Not a good movie by any stretch of the imagination, but it's oddly fascinating. Like a bad car accident, it's hard to take your eyes off this one. First and foremost of Boarding House's flaws is the fact that it was shot on video tape then transferred to film. This process creates a grainy washed out picture that makes Super 8 look like state of the art film stock. The story rambles, the acting is putrid, and the effects are laughable. The camera man can never seem to figure out where he's supposed to point the camera and manages to cut off the actors' heads (which I suppose is appropriate for a horror film) with annoying regularity. If director Wintergate and company were not under the influence of mind altering substances during the making of this movie, then I daresay they should have been.

The back story of the titular house is related rather sloppily through an onscreen police file computer display. I highly suggest hitting the mute button during this sequence, as the computer's incessant beeping will have you scrambling for heavy objects to hurl at your television. The computer tells us that Professor Don Hoffman and his wife, leading experts on telekinesis and the occult, were the house's original owners. These two had the good fortune to die before the film even starts, thereby not having to show their faces onscreen. Their deaths were an apparent double suicide, and their thirteen year old child was committed to a sanitarium after witnessing the deed.

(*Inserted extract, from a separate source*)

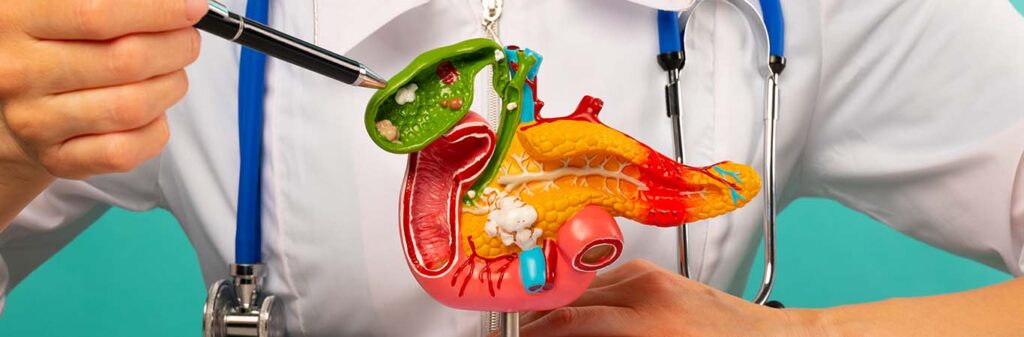 How Pancreatitis Leads to Type 3c Diabetes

The next few owners of the house come to sudden and messy ends, thanks to a mysterious telekinetic force. One woman gets her hand caught in the garbage disposal, and her husband is tossed from his deck chair into the swimming pool where he drowns. The latest owner is Jim Royce (Adley) who has inherited the house from his uncle. Jim is heavily into meta-physics and is teaching himself the art of telekinesis at home in his spare time. He places an ad in the local paper specifically looking for hot young babes to move in with him. Astonishingly this lame attempt actually works, and Jim soon finds himself with a bevy of beautiful and largely brainless roomies.

Odd things start happening right away. One girl has an ice pick telekinetically shoved through her hand, another freaks out when the walls of the shower stall start bleeding (some folks are soooo touchy). People start dying, but none of the other characters seem to notice. The movie doesn't really build up to the ending (a poor man's Scanners rip-off), but sort of bumps into it along the way.

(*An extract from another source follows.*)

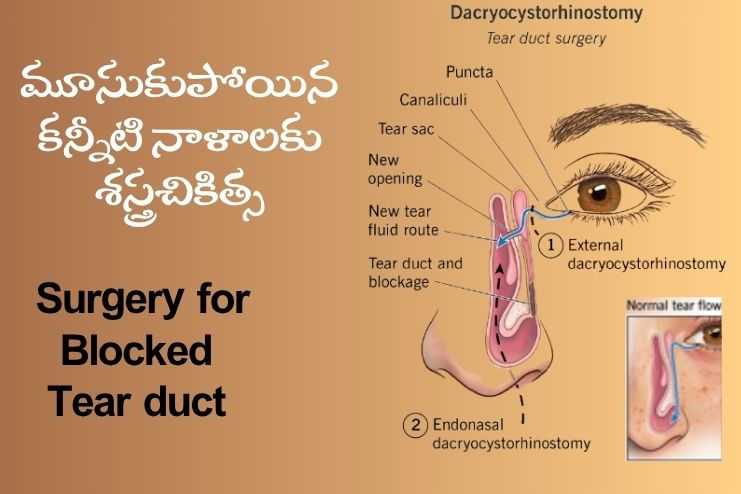 surgery-(external dacryocystorhinostomy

Boarding House's one saving grace is its pacing. The story moves gleefully and mindlessly along. Granted, it never actually GOES anywhere, but the movie never slows down long enough to be dull. Before ennui can set in the viewer is treated to a graphic eye gouging, or a gratuitous shower scene. If that's not enough, the seventies-ish hairstyles and clothes (despite the fact that Boarding House was made in the early eighties) will have many viewers muttering "Dear God, did I actually dress that way?" It's not great cinema, but at least it's not boring.